Yemen, chiuso aeroporto Sana’a. USA invitano a lasciare lo stato

Washington ha diffuso un invito, rivolto a tutti i cittadini americani che vivono nello Yemen, di lasciare lo stato golfico appena possibile, qualora non appartengano al personale diplomatico strettamente necessario. L’invito della diplomazia USA giunge dopo l’intensificarsi degli scontri di questi giorni tra le forze fedeli al regime di Alì Abdullah Saleh e quelle di opposizione, che manifestano nelle piazze di tutto il Paese per chiederne la cacciata. Ieri il governo yemenita ha reso noto che l’aeroporto della capitale Sana’a è stato chiuso, mentre i voli sono stati dirottati nell’aeroporto di Aden, nel sud del Paese. La ragione di tale blocco dei voli nella capitale consiste nel fatto che ci sarebbero scontri tra milizie opposte e combattimenti tra forze pro e contro Saleh. In particolare, lo scontro sarebbe tra una tribù-clan legata a un potente capo locale e le forze militari. I combattimenti avrebbero lasciato già sul campo 44 morti solo negli ultimi due giorni e sono iniziati con un blitz in alcuni edifici di Sana’a occupati da uomini della tribù, la quale si sarebbe rivoltata contro il regime di Saleh.

Gli Stati Uniti hanno sollecitato il presidente dello Yemen a lasciare il potere, passando le insegne ad altri e agevolando una svolta pacifica. Invito che non pare essere stato colto dall’uomo che occupa il potere a Sana’a dal 1979, senza averlo mai mollato. In particolare, Saleh sarebbe preoccupato della possibilità di incorrere in processi per vari crimini commessi in questi 32 anni di regime e ha più volte chiesto garanzie certe per sè e il figlio, fino a qualche mese fa considerato il suo successore naturale.
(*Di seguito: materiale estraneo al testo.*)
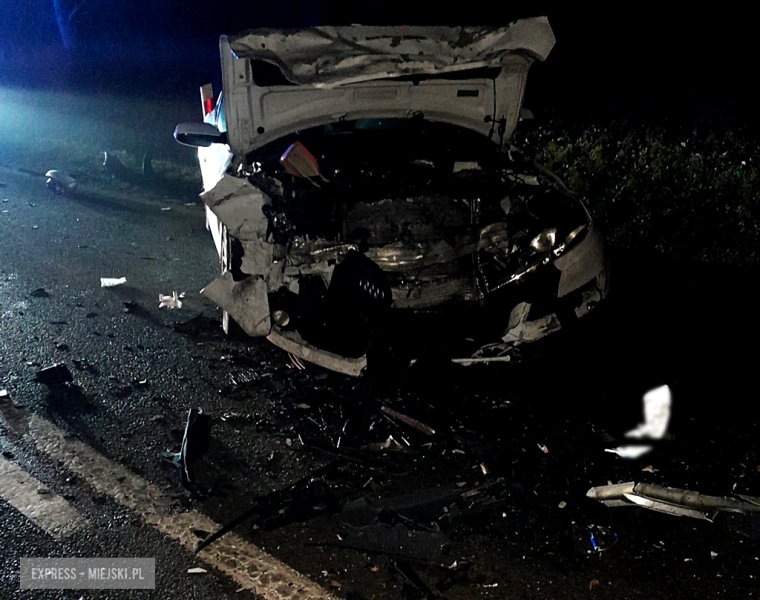 	Czołowe zderzenie pojazdów na wysokości Kluczowej. Droga całkowicie zablokowana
Nonostante in una prima fase gli oppositori non sembrassero disposti a trattare su questo punto, tuttavia, grazie alla mediazione del Consiglio della comunità del golfo, si era giunti a un compromesso che avrebbe garantito una sorta di immunità in favore di Saleh e il figlio. Questo in teoria avrebbe dovuto consentire la firma dell’accordo, ma il presidente ha più volte annunciato l’accettazione del compromesso, salvo poi ripensarci all’ultimo minuto e non firmare. Questo atteggiamento ha esacerbato gli animi al punto da fare precipitare il Paese quasi in una guerra civile.